● Exercise:
In the records below, find the line that contains "Binoculars silhouette vector" and the line that contains "Bild 2 von 2", then retype exactly those two lines and every line between them.

● Supplied material:

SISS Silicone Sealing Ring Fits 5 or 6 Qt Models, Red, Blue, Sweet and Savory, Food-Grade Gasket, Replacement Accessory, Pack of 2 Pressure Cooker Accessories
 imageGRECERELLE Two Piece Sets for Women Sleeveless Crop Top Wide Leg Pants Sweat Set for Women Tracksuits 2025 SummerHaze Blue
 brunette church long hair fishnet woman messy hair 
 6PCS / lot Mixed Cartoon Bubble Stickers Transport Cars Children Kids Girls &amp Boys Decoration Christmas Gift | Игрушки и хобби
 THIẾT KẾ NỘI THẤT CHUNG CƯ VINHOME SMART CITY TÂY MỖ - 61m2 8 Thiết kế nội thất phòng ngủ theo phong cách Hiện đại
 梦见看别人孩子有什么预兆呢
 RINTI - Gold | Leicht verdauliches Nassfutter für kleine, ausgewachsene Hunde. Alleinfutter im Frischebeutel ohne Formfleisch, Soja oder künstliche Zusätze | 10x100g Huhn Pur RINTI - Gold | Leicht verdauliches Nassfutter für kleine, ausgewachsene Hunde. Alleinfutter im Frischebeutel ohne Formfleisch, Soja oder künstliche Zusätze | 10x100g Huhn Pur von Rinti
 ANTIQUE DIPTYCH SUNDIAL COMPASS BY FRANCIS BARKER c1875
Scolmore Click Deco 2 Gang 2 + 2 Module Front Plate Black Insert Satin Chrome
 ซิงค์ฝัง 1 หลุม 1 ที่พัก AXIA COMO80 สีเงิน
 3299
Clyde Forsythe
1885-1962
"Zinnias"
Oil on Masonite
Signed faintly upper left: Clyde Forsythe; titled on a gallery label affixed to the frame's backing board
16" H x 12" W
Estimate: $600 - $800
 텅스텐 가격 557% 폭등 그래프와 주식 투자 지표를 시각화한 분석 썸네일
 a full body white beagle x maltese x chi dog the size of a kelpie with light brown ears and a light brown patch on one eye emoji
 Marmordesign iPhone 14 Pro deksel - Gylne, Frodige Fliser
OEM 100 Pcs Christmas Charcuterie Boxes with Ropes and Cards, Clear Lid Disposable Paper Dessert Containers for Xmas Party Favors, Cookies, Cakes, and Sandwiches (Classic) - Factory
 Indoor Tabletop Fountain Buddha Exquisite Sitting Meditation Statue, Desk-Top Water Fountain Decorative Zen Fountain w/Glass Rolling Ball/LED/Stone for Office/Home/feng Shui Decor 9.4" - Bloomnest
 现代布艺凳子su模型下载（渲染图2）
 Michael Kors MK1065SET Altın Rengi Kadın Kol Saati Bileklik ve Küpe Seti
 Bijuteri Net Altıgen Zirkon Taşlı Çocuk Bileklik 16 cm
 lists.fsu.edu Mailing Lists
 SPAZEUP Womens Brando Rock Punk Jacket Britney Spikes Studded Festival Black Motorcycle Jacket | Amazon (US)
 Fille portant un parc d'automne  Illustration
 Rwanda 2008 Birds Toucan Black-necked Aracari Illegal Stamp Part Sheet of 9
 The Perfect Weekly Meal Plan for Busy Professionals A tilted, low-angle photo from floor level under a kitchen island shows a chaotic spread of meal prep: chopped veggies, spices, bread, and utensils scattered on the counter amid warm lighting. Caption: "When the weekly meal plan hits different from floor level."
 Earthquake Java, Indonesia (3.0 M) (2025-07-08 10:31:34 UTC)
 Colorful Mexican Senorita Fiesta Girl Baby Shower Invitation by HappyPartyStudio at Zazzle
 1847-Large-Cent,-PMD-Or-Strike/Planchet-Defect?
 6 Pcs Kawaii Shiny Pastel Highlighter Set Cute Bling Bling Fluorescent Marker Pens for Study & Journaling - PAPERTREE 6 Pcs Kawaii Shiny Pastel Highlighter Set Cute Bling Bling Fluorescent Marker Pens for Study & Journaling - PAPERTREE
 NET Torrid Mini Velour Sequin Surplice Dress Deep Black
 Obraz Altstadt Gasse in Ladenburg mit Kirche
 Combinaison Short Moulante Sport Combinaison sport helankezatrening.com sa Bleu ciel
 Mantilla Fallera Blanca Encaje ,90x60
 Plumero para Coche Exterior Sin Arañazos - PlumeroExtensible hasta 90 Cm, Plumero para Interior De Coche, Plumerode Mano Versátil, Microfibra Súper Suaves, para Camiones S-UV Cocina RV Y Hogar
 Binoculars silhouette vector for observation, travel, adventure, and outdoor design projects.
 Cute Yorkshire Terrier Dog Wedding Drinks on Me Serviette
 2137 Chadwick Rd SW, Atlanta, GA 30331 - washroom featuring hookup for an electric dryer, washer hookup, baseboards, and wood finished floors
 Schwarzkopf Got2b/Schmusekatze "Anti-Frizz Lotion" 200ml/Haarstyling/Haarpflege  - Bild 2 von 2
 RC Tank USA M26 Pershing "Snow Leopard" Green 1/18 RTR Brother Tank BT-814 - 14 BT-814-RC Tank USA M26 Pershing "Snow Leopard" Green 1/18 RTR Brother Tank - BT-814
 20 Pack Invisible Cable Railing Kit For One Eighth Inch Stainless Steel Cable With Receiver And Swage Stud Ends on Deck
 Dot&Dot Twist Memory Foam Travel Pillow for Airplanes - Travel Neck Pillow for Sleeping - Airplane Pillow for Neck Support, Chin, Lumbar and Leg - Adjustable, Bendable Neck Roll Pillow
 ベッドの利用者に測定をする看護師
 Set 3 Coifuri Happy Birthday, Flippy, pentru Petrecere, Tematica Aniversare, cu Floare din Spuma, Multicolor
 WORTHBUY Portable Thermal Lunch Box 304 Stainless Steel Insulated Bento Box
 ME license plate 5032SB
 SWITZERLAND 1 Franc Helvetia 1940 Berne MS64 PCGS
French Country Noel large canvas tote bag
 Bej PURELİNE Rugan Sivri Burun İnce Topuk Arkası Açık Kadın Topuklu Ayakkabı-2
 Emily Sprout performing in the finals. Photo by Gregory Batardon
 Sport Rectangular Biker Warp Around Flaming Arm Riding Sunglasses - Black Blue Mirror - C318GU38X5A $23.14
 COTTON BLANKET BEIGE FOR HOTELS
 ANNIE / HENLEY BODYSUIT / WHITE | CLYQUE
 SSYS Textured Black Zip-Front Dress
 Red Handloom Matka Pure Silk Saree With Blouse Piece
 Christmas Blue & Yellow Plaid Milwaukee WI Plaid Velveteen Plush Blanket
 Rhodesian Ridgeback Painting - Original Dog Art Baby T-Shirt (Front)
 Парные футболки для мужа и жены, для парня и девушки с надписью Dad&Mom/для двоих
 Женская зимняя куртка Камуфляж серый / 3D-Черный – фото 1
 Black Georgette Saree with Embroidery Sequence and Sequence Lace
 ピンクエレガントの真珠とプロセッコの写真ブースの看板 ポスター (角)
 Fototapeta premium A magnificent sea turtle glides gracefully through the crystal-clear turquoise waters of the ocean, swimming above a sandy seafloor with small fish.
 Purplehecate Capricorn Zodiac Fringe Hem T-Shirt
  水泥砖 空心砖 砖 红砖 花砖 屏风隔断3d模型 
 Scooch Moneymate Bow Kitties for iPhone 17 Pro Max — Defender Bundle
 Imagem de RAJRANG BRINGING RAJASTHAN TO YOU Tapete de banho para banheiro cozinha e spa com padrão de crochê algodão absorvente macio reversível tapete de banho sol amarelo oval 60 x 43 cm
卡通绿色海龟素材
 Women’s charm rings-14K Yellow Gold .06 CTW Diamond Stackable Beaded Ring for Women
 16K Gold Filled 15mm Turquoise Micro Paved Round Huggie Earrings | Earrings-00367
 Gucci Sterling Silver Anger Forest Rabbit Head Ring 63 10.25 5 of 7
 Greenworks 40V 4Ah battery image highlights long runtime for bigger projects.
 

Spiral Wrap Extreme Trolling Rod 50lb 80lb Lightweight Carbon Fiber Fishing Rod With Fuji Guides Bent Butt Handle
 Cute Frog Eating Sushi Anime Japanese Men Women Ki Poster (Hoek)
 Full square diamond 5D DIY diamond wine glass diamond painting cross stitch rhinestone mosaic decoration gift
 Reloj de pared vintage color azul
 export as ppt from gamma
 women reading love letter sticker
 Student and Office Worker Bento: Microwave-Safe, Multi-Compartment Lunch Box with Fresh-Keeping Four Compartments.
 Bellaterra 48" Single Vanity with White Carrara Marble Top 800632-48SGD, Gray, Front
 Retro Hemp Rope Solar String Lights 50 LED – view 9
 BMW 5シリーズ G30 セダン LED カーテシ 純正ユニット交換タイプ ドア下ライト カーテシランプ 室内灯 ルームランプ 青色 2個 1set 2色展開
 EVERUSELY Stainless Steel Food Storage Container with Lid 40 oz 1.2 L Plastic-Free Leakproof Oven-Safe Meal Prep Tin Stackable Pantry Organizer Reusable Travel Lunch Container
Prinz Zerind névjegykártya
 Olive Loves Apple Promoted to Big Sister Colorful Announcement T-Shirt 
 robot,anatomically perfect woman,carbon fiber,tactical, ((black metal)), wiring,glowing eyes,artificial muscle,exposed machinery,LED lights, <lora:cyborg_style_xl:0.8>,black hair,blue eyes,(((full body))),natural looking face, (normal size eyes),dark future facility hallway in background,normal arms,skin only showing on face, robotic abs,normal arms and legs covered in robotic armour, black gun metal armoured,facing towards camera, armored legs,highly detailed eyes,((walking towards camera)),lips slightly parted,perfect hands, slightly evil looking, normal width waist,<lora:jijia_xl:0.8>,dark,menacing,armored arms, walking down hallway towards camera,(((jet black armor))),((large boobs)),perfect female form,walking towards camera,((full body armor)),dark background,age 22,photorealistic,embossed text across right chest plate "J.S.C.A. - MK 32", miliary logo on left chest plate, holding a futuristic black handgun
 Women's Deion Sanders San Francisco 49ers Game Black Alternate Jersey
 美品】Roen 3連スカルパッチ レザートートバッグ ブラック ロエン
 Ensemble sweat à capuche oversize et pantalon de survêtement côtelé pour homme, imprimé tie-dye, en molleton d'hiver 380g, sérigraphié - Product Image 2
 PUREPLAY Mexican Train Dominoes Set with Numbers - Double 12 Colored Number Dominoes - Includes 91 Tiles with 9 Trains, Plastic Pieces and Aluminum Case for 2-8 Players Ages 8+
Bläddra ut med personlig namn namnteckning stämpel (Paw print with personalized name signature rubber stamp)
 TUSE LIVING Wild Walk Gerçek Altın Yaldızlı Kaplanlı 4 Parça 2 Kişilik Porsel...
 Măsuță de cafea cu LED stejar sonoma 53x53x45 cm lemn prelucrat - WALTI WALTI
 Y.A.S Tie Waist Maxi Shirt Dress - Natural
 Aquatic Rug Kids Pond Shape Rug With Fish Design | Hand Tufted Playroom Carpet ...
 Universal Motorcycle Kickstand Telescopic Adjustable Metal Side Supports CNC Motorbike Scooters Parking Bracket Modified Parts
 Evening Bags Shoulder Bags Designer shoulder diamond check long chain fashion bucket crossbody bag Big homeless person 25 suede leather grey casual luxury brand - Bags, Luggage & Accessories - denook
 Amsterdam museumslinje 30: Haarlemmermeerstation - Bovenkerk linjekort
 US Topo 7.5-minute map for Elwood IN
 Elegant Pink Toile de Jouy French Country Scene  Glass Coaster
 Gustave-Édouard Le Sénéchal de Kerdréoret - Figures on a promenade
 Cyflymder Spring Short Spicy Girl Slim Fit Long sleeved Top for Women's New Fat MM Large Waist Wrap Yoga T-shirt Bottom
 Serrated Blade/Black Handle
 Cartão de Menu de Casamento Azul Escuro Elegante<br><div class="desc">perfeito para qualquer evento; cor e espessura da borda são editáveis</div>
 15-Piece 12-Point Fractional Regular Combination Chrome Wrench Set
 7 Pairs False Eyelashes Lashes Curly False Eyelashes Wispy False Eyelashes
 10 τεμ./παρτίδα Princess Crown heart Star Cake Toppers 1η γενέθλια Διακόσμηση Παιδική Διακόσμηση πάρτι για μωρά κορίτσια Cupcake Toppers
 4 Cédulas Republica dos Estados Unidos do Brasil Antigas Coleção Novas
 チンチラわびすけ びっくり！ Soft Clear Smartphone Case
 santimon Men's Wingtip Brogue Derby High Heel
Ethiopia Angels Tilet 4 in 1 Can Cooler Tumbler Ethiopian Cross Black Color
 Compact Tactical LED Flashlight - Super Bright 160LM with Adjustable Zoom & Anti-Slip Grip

● Reply:
 Binoculars silhouette vector for observation, travel, adventure, and outdoor design projects.
 Cute Yorkshire Terrier Dog Wedding Drinks on Me Serviette
 2137 Chadwick Rd SW, Atlanta, GA 30331 - washroom featuring hookup for an electric dryer, washer hookup, baseboards, and wood finished floors
 Schwarzkopf Got2b/Schmusekatze "Anti-Frizz Lotion" 200ml/Haarstyling/Haarpflege  - Bild 2 von 2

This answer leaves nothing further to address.